Second, their assessment of the effects of the "neoliberal global order" is forehead slapping, head shaking, did-they-really-say that? stupid. I haven't heard such transparently wishful claptrap since my fifteen-year-old boyfriend tried to convince me that sex provided unparalleled aerobic exercise. If you put all 100 in a room with unlimited access to Lexis-Nexis and a mountain-sized peyote stash to bring their quasi-communist fantasy life into 3D technicolor, they still couldn't name a country where neoliberalism has undermined a vibrant democracy. Nor where Demon Capital has made things worse. The worst you can say for the neoliberal order is that it doesn't make things better the way we hoped it would. Any place you can name that has been deeply screwed up since global capital arrived was at least as corrupt and otherwise awful before the capital swooped in to plant garment factories in the edenic swamps of rural poverty.

The last paragraph makes these eminent professors seem, to put it charitably, not quite bright. Otherwise, how does one find a statement like this inflammatory?

Following Friedman’s lead, the design and evaluation of economic policy requires analyses that respect the incentives of individuals and the essential role of markets in allocating goods and services. As Friedman and others continually demonstrated, design of public policy without regard to market alternatives has adverse social consequences.

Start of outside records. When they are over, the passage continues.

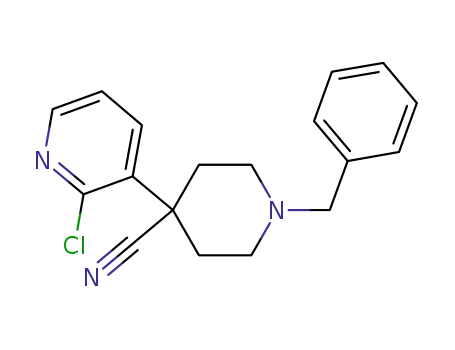 Molecular Structure of 845552-77-4 (4-Piperidinecarbonitrile, 4-(2-chloro-3-pyridinyl)-1-(phenylmethyl)-)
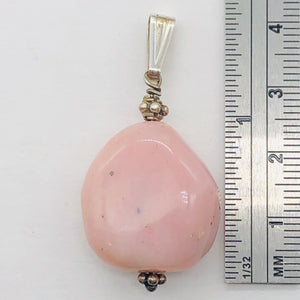 Peruvian Opal Sterling Silver Drop Pendant | 1 1/2" Long | Pink | 1 Pendant |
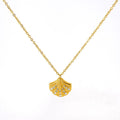 Gold Shell Pendant Necklace with Crystals – Trendy Jewellery - Begum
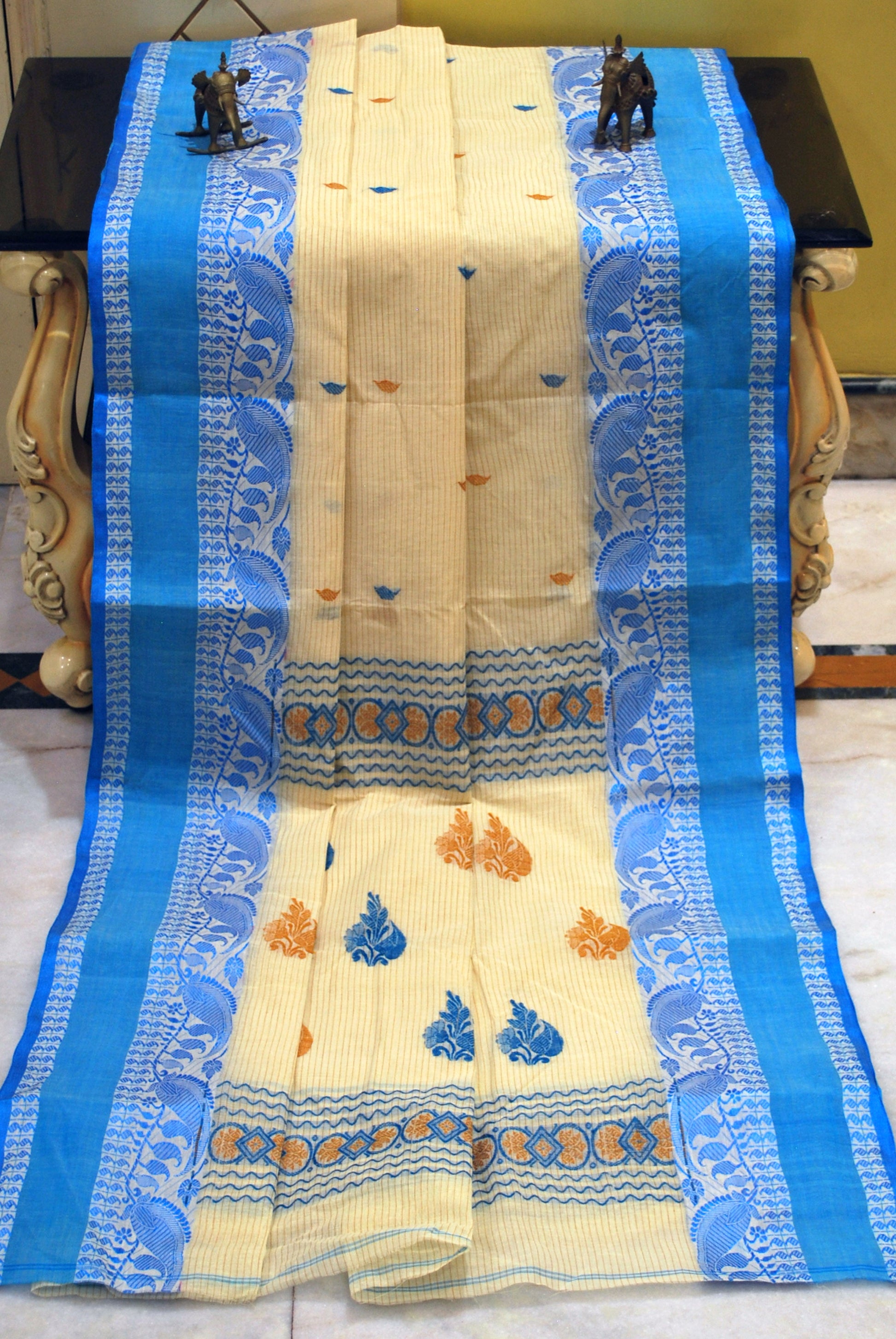 Woven Matta Nakshi Border with Body Stripes Bengal Handloom Cotton Saree in Off White, Blue and Mustard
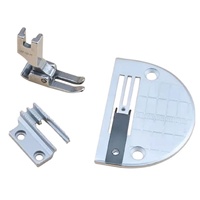 Pied presseur anti-plis pour machine à coudre industrielle, plaque à aiguille à dents, engrenage de positionnement de point pour tissus fins à couture plate
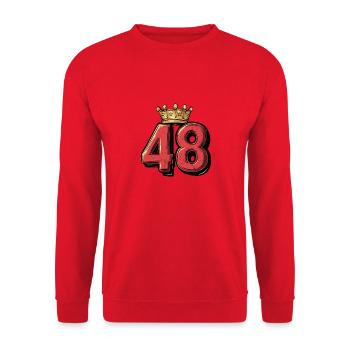 48 Zahl Krone - Unisex Pullover - Rot - Vorne - Alina (178cm) & Michal (187cm)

Do they think that we should do analyses that doesn't pay attention to individual incentives or the role of markets in allocating goods and services? Are they under the impression that there is still a debate on this? I thought the fall of the Soviet Union had rather spectacularly demonstrated that it's hard to allocate goods and services without markets. Indeed, one wonders where all these professors get their groceries.

Or perhaps they merely think that we should design our policies without regard to market alternatives. Not even the commissars managed that; you can't even reject markets without regarding them.

It's foolish to get enraged at these powerless twits. But someone has to writhe in shame at this folly, and clearly, their intellects aren't up to the task.